Twenty days! I’m proud and I feel like I’m actually taking the proper steps to become a better writer. For this story I was heavily influenced by “The Last Horror Story in the History of the World”m by Brian Allen Carr and Blood Meridian by Cormac McCarthy.
As rough as a rough draft could be..
He hadn’t slept in a day or two, he focused on the heat rising off the barren desert. His horse was dying. With a last heave of its breath the beast knelt to the ground to never rise again. He continued on foot, the sun had begun its decent promising the temporary relief of a cold desert night. He ate some of his horse that night and pulled up the dry grasses looking for water. In the morning he was violently ill, he wiped his mouth and aligned himself to the sun. Maybe today was his last maybe it wasn’t, did he even care anymore, with his eyes set on the craggy peaks to the east he trudged through the heat. A giant vulture landed down next to him and interrupted his nap. He threw rocks at it until it took up into the air and resumed its circular flight of ensuing doom. As the sun set on day four he shivered with dehydration, his vision wasn’t behaving as it should. He rubbed his eyes hard but it didn’t help.
His dreams were mad, or he was mad. The desert around him was bathed in a cool blue light. He walked naked through the planes, the sharp rocks and cacti didn’t bother him he wasn’t thirsty or hungry. The mountains in the east were towering buildings bigger than he had ever seen. He started running towards the promise of civilization. He almost smiled as they grew closer, a rushing river separated him from his teacher. He could finally continue his lessons and they could practice their arts in seclusion. He waded into the river the water heated around him and turned thick and red. He panicked as something grabbed his ankle and pulled him beneath the blood. He wrestled with something slimy and humanoid, his screams muted by the river of blood filling his mouth. He couldn’t breathe, he would die.
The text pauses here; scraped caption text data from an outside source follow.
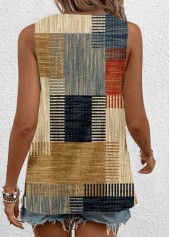 Multi Color tops,Geometric tops,Striped tops,ROTITA Cut Out Geometric Print Multi Color Sleeveless Tank Top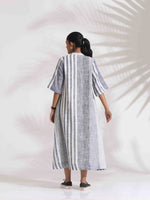 Thumbnail for trueBrowns Off-White Cotton Multi Stripe Flared Dress
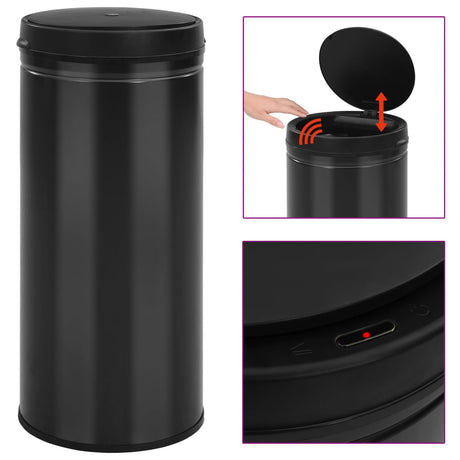 Vidaxl papirkurv kan med automatisk sensor 80 L Carbon Steel Black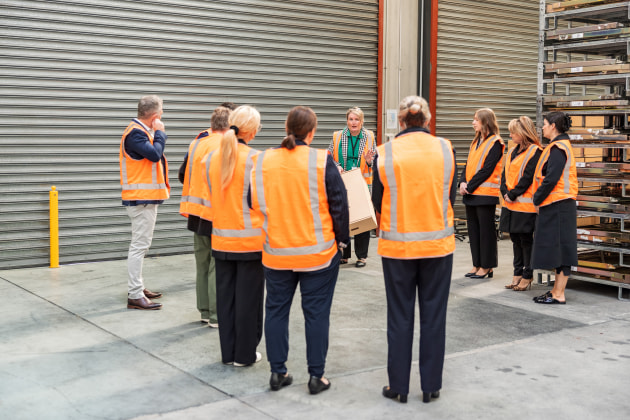 Official first tour of the hub warehouse. (ADA)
He awoke choking and spitting water out on the desert sand, it evaporated almost instantly. the sun was high in the sky and his sunburn was sunburnt. A wiry old man crouched above him and offered a hide sack to him, he put his lips to the spout and drank deeply. The cool water was all he knew for a minute. The old man had two mules loaded with supplies, he spoke in a guttural language and motioned for the boy to follow him. He struck the mules into motion and started east. They walked silently, at night the man fed him and gave him a blanket to ward of the cold desert night. He didn’t dream that night.
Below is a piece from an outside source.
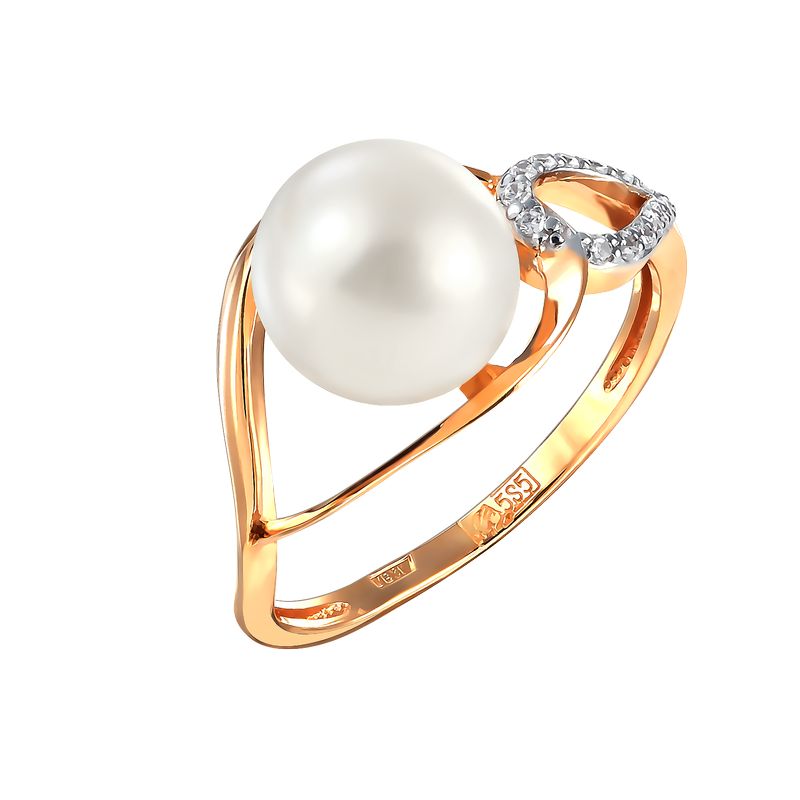 Кольцо из красного золота с жемчугом и фианитами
In the morning the man was gone and so was his blanket. The mountains loomed over him though he would surely be there by nightfall. His teacher had told him of the river that wound through them and he had memorized which plants could be eaten. He would survive. As he stepped into the shadow of the mountains he heard a faint whisper. “I helped you, someday I’ll need you to return the favor” he looked around and saw nothing.